Absurdo, ¿verdad? Pues eso, exactamente eso, es lo que hizo Estados Unidos en 1996 con la ley Helms-Burton: convertir la animadversión política hacia Cuba en una maquinaria legal de persecución global.
El mecanismo es grotesco: no solo se castiga a Cuba con un bloqueo económico, financiero y comercial que le niega acceso a recursos básicos; también se amenaza a cualquiera que ose ayudarla. Si una empresa europea hace negocios en la isla, se le abre un proceso judicial. Si un gobierno extranjero coopera, se le imponen sanciones. Es como decir: “No me gusta tu amigo, y si lo saludas, también te cierro la puerta”. Un bullying de manual, pero con traje y corbata de “política exterior”.
Lo más indignante es la pretensión moral: Estados Unidos se erige como paladín de la democracia mientras mantiene una ley que opera como el manual del matón global.
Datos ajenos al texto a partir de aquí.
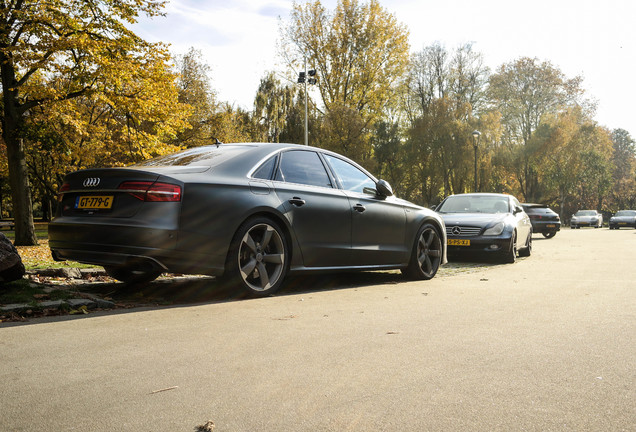 Audi S8 D4 2014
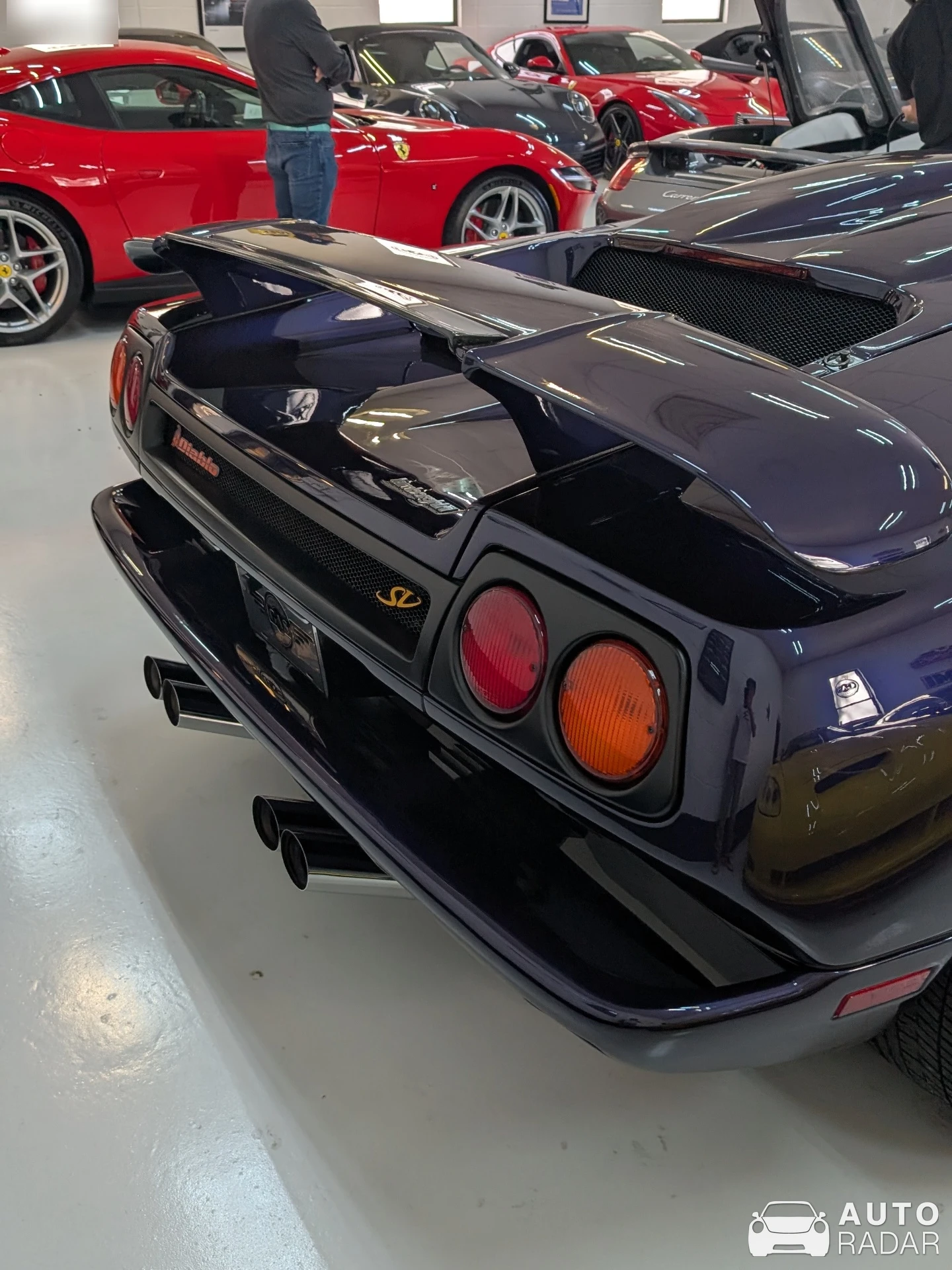 Lamborghini Diablo SV Monterey Edition spotted in Smyrna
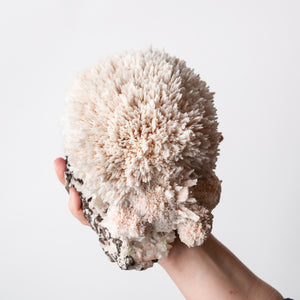 Stunning Scolecite Pouf
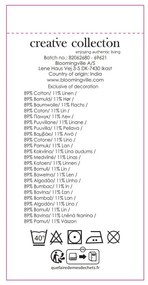 Lenkeverék tányéralátét 33x48 cm Limone – Bloomingville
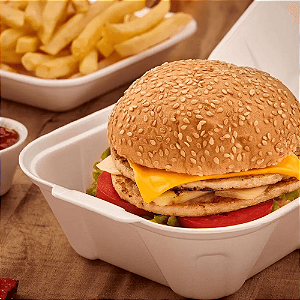 Hamburgueira Bom Apetite BH-03 Com 400 Unidades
Una norma que no solo persigue a Cuba, sino que castiga a todo aquel que ose mostrarle solidaridad.
Si esta lógica se aplicara en la vida diaria, sería tan ridícula como criminal: cortar la energía a un vecino porque no me gusta, prohibir que alguien le venda pan y, por si acaso, castigar también al que le ofrece una vela.
Sin embargo, lo increíble es que el mundo entero tolera este atropello desde 1996.
La Helms-Burton pinta de cuerpo entero lo que es el imperio en su versión más descarnada: autoritarismo, hipocresía y desprecio absoluto por el derecho internacional. Se dice defensora de la democracia, pero actúa como verdugo económico. Y ahí está su mayor contradicción: pretenden colocarse en la cima moral del planeta, pero lo único que logran es ocupar el pedestal más bajo de la delincuencia oficial internacional.